I hadn’t imagined how painful the journey would be. The wagon lurched with each rut on the path, and at points I bounced, jarring my bones against the wooden tray of the wagon. My grazed hands and knee stung, but my greatest fear was that one of the jolts would dislodge the sackcloth coverings, exposing us to the view of the driver, or a watchful sentry back at the gate. I didn’t dare to shift clear of the several small broken branches that jabbed me with each bump.

After five minutes’ slow journey the din of the axes increased, heralding the forest. The road was more uneven, jolting me even more mercilessly, and squinting through the sacking I could see the darkness becoming denser. Voices, as well as ax strokes, became audible, and the thick night in front of the wagon was ignited by the light of many torches, bright through the sacking. Kip had seen it, too—when I reached out for him his hand met mine, squeezed it sharply, twice. At the third squeeze we moved, together, scrambling to our knees and then dropping heavily from the back of the cart. It was a short drop, but the ground was potholed and we landed half falling, half squatting in the wagon’s wake, on a narrow road leading deeper into the forest. For an instant we froze, but the wagon didn’t pause, and we could see the driver’s oblivious back, silhouetted against the brightness of the scene he was approaching.

For a moment it looked familiar. Then I realized it evoked a lesser version of the blast itself, as I’d seen it so many times. The flames, the roar, the sound of trees falling. But this was a slowed, infinitely smaller version of the blast. Instead of the raw sheet of flame, there was a mass of torches. The axes, wielded by hundreds of soldiers, rose and fell in front of the flames like a dreadful machine.

We watched for only a second before running, almost crawling, from the road into the deep scrub. Kip was carrying the sack that I had dropped on alighting. We stayed low, but in the discordant symphony of ax blows, falling trees, and shouts, we didn’t worry about noise, just pushed frantically through shrubs and clattered over fallen branches. I led, but my only thought was to get far away from the soldiers, the sound, and the flames. It wasn’t until we’d been running for ten minutes, and the noise and light had receded, that I slowed and tried to get a sense of our location. We’d had no choice but to drop our pace, as both the forest and the night had deepened. Away from the hellish glow of the torches it was too dark to see.

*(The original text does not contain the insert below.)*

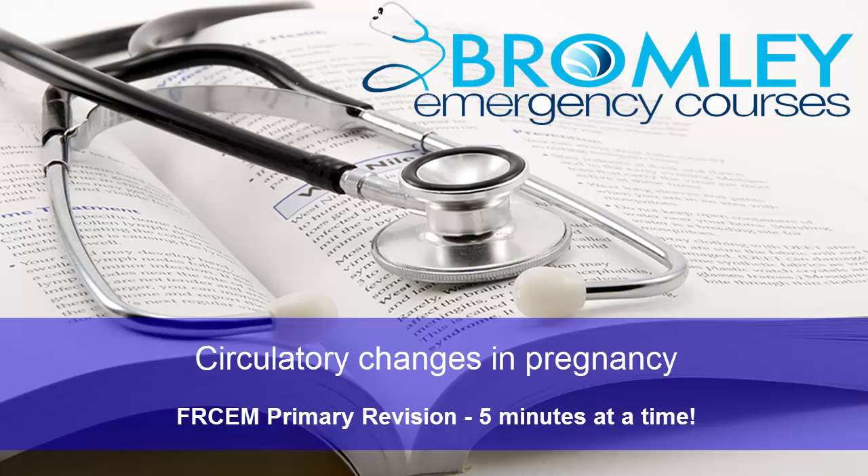This is Matthew Hall at Bromley Emergency Courses. As part of our series of short revision tutorials focusing on the FRChem Primary Exam, I want to spend a few minutes talking about the circulatory changes in pregnancy. While the physiological changes in pregnancy don't have a specific entry in the RChem Basic Sciences curriculum, they did come up as fairly frequent questions in the MRChem Part A exam, and so we can expect to see them also in the primary going forward.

Standing close, neither of us spoke, both straining to catch the sounds of pursuit over our own panting breaths. Finally Kip whispered, “Nothing?”

I nodded, and then remembered that he couldn’t see me in the dark. “Nothing. I don’t feel a chase, either.”

He gave a heavy, shuddering exhalation. “Do you know which way to go? Not that I care, as long as we get as far away from there as we can.”